= Beginning of Section =
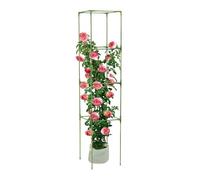 Cage à tomates - Construction en métal durable, légère mais solide, assemblage facile, base stable | Support pour plantes potagères, grimpantes, cage à fleurs, jardinière surélevée, terrasse, balcon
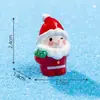 Miniatura de paisaje linda estrellita figura de Papá Noel, accesorios de decoración DIY escena de nieve, adornos pequeños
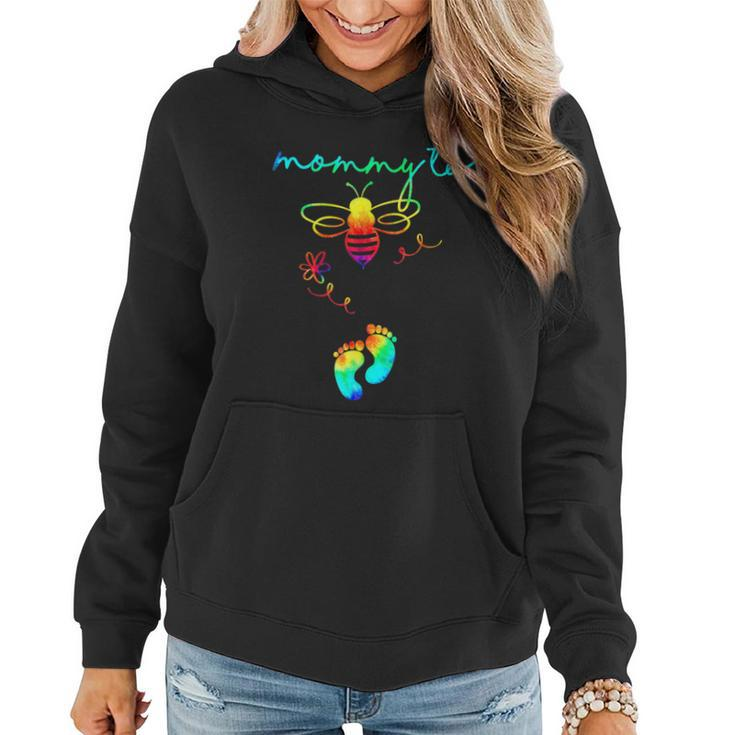 Mommy To Bee Tie Dye Pregnancy Announcement First Time Mom  Women Hoodie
= End of Section =
Set down every line above exactly, pictures excluded.

 Cage à tomates - Construction en métal durable, légère mais solide, assemblage facile, base stable | Support pour plantes potagères, grimpantes, cage à fleurs, jardinière surélevée, terrasse, balcon
 Miniatura de paisaje linda estrellita figura de Papá Noel, accesorios de decoración DIY escena de nieve, adornos pequeños
 Mommy To Bee Tie Dye Pregnancy Announcement First Time Mom  Women Hoodie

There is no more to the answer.